**To do**.
Reproduce the line containing "Gukoo/果壳夏季睡衣女粉色字母短袖格子短裤家居服睡衣短袖套装" in the listing below, then every later line up to the end, precisely as written.

**Material provided**.
┄┄┄┄┄┄┄┄┄┄

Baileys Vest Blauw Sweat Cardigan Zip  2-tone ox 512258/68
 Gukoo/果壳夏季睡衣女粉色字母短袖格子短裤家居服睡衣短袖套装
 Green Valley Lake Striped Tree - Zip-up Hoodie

┄┄┄┄┄┄┄┄┄┄

**Problem solution**.
 Gukoo/果壳夏季睡衣女粉色字母短袖格子短裤家居服睡衣短袖套装
 Green Valley Lake Striped Tree - Zip-up Hoodie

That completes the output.